Within the listing below, give again exactly the lines between the one containing "Косметичка на молнии" and the one containing "Jolie broche émail", inclusive, pictures left aside.

### RECORDS SHOWN
****************

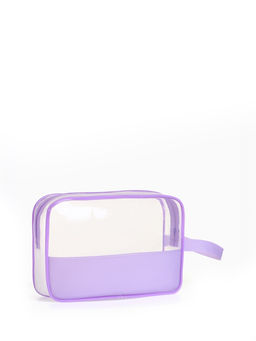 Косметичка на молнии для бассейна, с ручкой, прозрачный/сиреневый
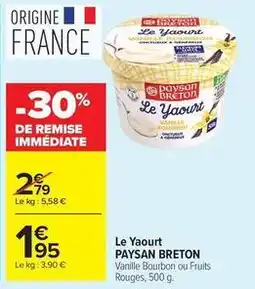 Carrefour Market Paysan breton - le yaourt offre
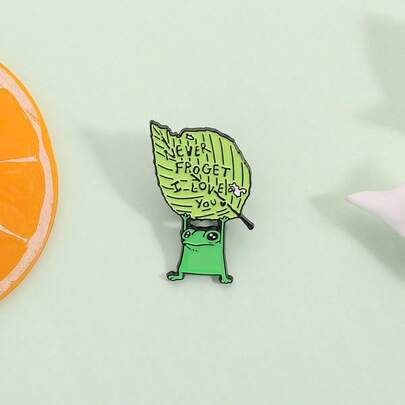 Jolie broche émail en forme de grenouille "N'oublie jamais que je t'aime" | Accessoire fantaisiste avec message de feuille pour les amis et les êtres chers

****************

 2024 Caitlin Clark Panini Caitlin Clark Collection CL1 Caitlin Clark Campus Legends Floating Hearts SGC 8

****************

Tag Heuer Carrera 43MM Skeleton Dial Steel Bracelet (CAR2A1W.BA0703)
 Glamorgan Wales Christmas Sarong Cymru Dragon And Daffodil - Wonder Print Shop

****************

### TASK RESPONSE
 Косметичка на молнии для бассейна, с ручкой, прозрачный/сиреневый
 Carrefour Market Paysan breton - le yaourt offre
 Jolie broche émail en forme de grenouille "N'oublie jamais que je t'aime" | Accessoire fantaisiste avec message de feuille pour les amis et les êtres chers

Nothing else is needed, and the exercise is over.